• To do
Reproduce the entries. Each one must match the original exactly.

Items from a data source
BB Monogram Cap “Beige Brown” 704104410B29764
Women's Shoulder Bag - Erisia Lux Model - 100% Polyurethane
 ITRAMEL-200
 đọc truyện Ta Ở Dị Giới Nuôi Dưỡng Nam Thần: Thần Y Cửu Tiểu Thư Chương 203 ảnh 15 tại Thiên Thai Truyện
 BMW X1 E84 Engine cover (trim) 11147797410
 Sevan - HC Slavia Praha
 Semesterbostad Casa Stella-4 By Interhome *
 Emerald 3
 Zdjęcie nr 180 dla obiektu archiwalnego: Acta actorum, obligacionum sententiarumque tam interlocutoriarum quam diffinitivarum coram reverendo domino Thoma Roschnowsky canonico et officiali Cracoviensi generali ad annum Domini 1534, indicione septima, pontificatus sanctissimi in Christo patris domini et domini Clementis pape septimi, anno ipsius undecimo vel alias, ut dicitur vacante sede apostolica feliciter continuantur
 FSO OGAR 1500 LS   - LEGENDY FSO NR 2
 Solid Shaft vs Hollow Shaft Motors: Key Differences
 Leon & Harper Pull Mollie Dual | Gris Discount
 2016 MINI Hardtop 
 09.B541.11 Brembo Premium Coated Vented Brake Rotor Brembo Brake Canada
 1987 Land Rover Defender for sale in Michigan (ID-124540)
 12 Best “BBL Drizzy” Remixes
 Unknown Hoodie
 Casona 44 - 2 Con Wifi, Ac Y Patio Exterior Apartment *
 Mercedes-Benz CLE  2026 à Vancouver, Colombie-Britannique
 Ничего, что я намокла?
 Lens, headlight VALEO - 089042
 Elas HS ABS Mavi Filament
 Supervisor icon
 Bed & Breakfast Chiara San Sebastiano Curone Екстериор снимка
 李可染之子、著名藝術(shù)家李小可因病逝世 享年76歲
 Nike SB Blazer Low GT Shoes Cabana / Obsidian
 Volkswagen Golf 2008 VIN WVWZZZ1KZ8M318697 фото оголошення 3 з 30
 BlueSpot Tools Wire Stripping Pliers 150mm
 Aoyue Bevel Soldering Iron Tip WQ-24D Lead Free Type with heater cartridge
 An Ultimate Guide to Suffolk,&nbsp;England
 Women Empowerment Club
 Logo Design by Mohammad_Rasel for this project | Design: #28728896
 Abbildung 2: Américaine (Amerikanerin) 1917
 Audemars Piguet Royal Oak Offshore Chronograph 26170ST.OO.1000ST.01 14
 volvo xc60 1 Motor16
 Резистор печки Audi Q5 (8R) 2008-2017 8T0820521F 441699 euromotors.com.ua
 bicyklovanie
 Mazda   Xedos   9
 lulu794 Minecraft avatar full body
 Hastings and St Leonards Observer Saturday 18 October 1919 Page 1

• Response to the exercise
BB Monogram Cap “Beige Brown” 704104410B29764
Women's Shoulder Bag - Erisia Lux Model - 100% Polyurethane
 ITRAMEL-200
 đọc truyện Ta Ở Dị Giới Nuôi Dưỡng Nam Thần: Thần Y Cửu Tiểu Thư Chương 203 ảnh 15 tại Thiên Thai Truyện
 BMW X1 E84 Engine cover (trim) 11147797410
 Sevan - HC Slavia Praha
 Semesterbostad Casa Stella-4 By Interhome *
 Emerald 3
 Zdjęcie nr 180 dla obiektu archiwalnego: Acta actorum, obligacionum sententiarumque tam interlocutoriarum quam diffinitivarum coram reverendo domino Thoma Roschnowsky canonico et officiali Cracoviensi generali ad annum Domini 1534, indicione septima, pontificatus sanctissimi in Christo patris domini et domini Clementis pape septimi, anno ipsius undecimo vel alias, ut dicitur vacante sede apostolica feliciter continuantur
 FSO OGAR 1500 LS   - LEGENDY FSO NR 2
 Solid Shaft vs Hollow Shaft Motors: Key Differences
 Leon & Harper Pull Mollie Dual | Gris Discount
 2016 MINI Hardtop 
 09.B541.11 Brembo Premium Coated Vented Brake Rotor Brembo Brake Canada
 1987 Land Rover Defender for sale in Michigan (ID-124540)
 12 Best “BBL Drizzy” Remixes
 Unknown Hoodie
 Casona 44 - 2 Con Wifi, Ac Y Patio Exterior Apartment *
 Mercedes-Benz CLE  2026 à Vancouver, Colombie-Britannique
 Ничего, что я намокла?
 Lens, headlight VALEO - 089042
 Elas HS ABS Mavi Filament
 Supervisor icon
 Bed & Breakfast Chiara San Sebastiano Curone Екстериор снимка
 李可染之子、著名藝術(shù)家李小可因病逝世 享年76歲
 Nike SB Blazer Low GT Shoes Cabana / Obsidian
 Volkswagen Golf 2008 VIN WVWZZZ1KZ8M318697 фото оголошення 3 з 30
 BlueSpot Tools Wire Stripping Pliers 150mm
 Aoyue Bevel Soldering Iron Tip WQ-24D Lead Free Type with heater cartridge
 An Ultimate Guide to Suffolk,&nbsp;England
 Women Empowerment Club
 Logo Design by Mohammad_Rasel for this project | Design: #28728896
 Abbildung 2: Américaine (Amerikanerin) 1917
 Audemars Piguet Royal Oak Offshore Chronograph 26170ST.OO.1000ST.01 14
 volvo xc60 1 Motor16
 Резистор печки Audi Q5 (8R) 2008-2017 8T0820521F 441699 euromotors.com.ua
 bicyklovanie
 Mazda   Xedos   9
 lulu794 Minecraft avatar full body
 Hastings and St Leonards Observer Saturday 18 October 1919 Page 1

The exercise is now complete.